L’album se présente comme une fable philosophique parodique du XVIIIe siècle.Le Comte de l’histoire, comme Voltaire auquel il fait penser, passe son temps à écrire un pamphlet contre l’esclavage et à réclamer une plus grande liberté de pensée tout en vivant du commerce négrier qu’il est le tout premier à pratiquer. Sa femme, la Comtesse, libertine et nymphomane, a des prétentions littéraires, elle aussi:
«Si j’avais quelque espoir que mes écrits soient un jour publiés, je concentrerais toute mon intelligence dans une science aussi positivement circonscrite : le cul des jeunes femmes. J’aurais mon petit succès. …Mais tant de femmes causent et tiennent salon de nos jours que je garderai mes cahiers pour ma chienne Fragonarde, à qui je les lis à haute voix en espérant qu’elle n’y comprenne rien. J’écrirai donc comme tout le monde, sur l’esclavage, sur Dieu, sur l’âme et l’humaine condition.»

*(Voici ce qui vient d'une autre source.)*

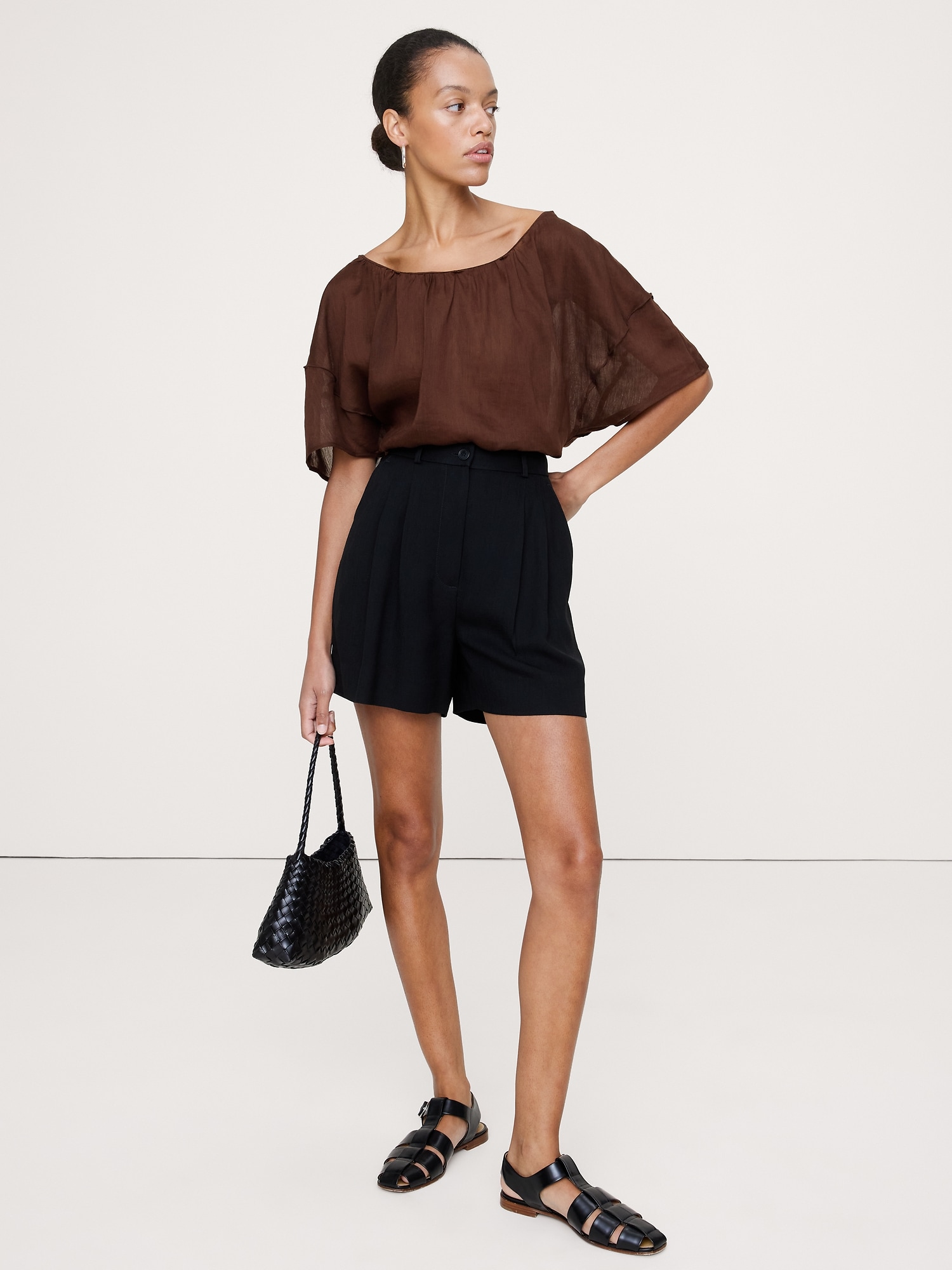 Image number 6 showing, Linen-Viscose Puff-Sleeve Top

On sent comme un vent de folie iconoclaste secouer les personnages. Ils sont excessifs, caricaturaux, monstrueux et illogiques dans leur comportement. Un rire sardonique court d’un bout à l’autre du récit.
«J'aime bien traiter de sujet sérieux sans me prendre au sérieux. Retrouver l'esprit que j'avais en fac. Quand on étudiait Rousseau ou Hobbes, je dessinais des conneries dans mon cahier. La motivation de faire marrer ses copains, c'est pas si mal. Moi, ça me suffit pour me lever le matin »
«Chaque case est une référence aux peintures du XVIIIe qu'on trouve sur les boîtes de chocolat ou au fond des assiettes à soupe de nos grands-mères, avec les dames qui font de la balançoire.
D'ailleurs, c'est marrant. La peinture du XVIIIe est toujours dévaluée parce que c'est une peinture de plaisir. Ce sont des nanas avec des petits chiens. On ne la met jamais aussi haut que la peinture d'église. Mais moi, je me suis toujours senti très bien chez Bouchez, Fragonard, ou Watteau »
«Je suis un auteur de comédie. J'y peux rien. Et finalement, quand les gens rigolent, je suis content.»
J’ai beaucoup aimé ce premier album dont les dessins si lestes et caricaturaux m’ont enchantée, ainsi que les couleurs pleines de bonne humeur. Le début était plus grave, en contraste avec le reste. Je suppose que la suite parlera davantage de cet enfant noir que l’on voit sur la couverture, le seul à s’être sauvé en se cachant pendant la double traversée de l’océan. Découvert par la police à peine débarqué, que va-t-il devenir?